#### YOUR ASSIGNMENT:
Below are the records; copy exactly the stretch from the line containing "DeWalt DT3507 Doorslijpschijf" through the line containing "Чорний Рено Меган, об'ємом", both ends included, and nothing else.

#### GIVEN DATA:
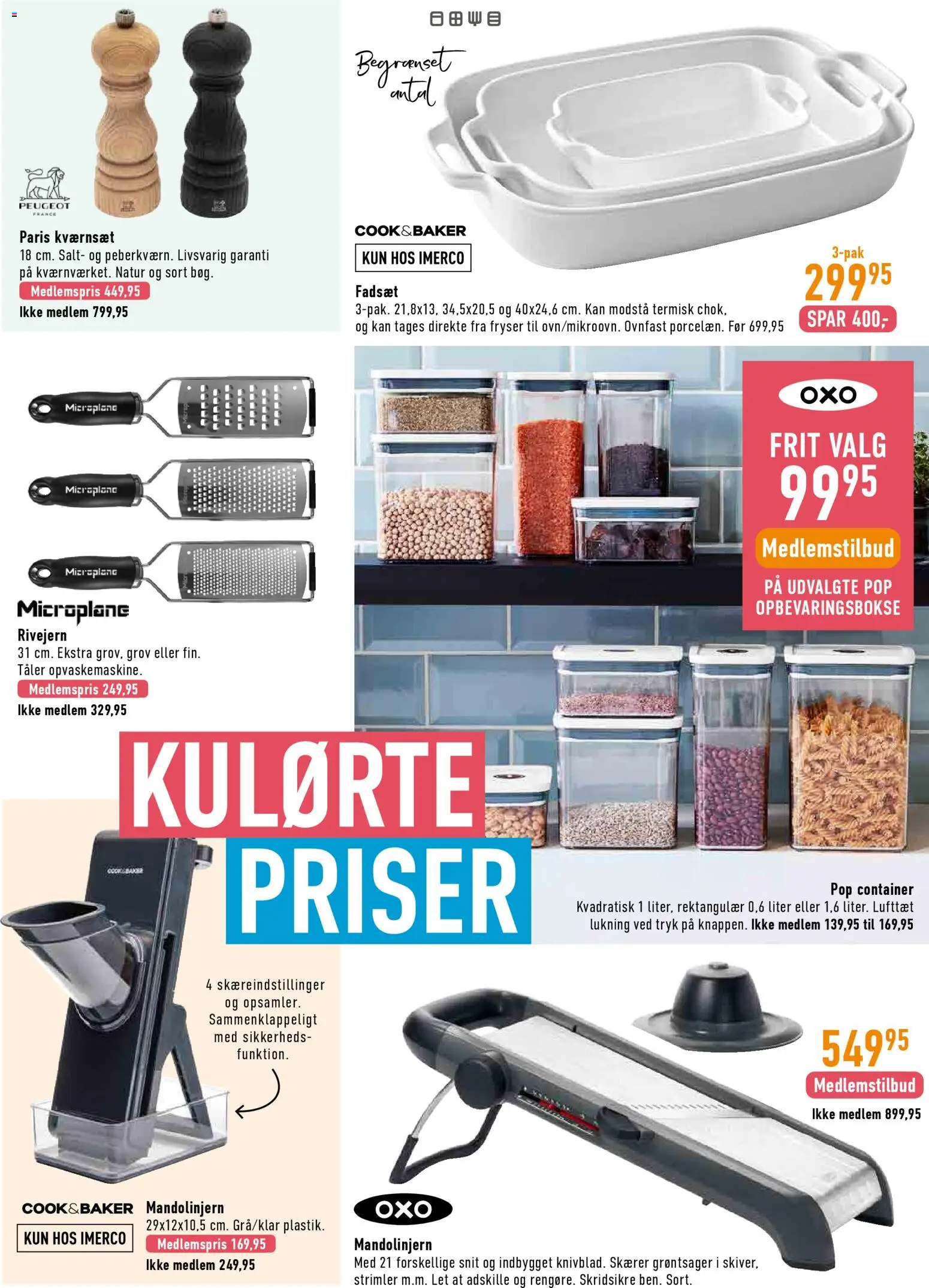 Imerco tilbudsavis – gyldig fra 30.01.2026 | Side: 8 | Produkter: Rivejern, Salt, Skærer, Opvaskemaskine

==

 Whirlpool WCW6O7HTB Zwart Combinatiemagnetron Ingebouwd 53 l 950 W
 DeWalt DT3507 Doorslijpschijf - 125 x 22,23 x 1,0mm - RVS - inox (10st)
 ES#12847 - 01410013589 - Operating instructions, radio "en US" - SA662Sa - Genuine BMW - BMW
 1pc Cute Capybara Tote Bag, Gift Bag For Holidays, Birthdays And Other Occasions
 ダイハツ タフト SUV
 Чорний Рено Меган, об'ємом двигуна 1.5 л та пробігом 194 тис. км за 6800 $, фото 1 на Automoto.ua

#### ANSWER TO THE EXERCISE:
 DeWalt DT3507 Doorslijpschijf - 125 x 22,23 x 1,0mm - RVS - inox (10st)
 ES#12847 - 01410013589 - Operating instructions, radio "en US" - SA662Sa - Genuine BMW - BMW
 1pc Cute Capybara Tote Bag, Gift Bag For Holidays, Birthdays And Other Occasions
 ダイハツ タフト SUV
 Чорний Рено Меган, об'ємом двигуна 1.5 л та пробігом 194 тис. км за 6800 $, фото 1 на Automoto.ua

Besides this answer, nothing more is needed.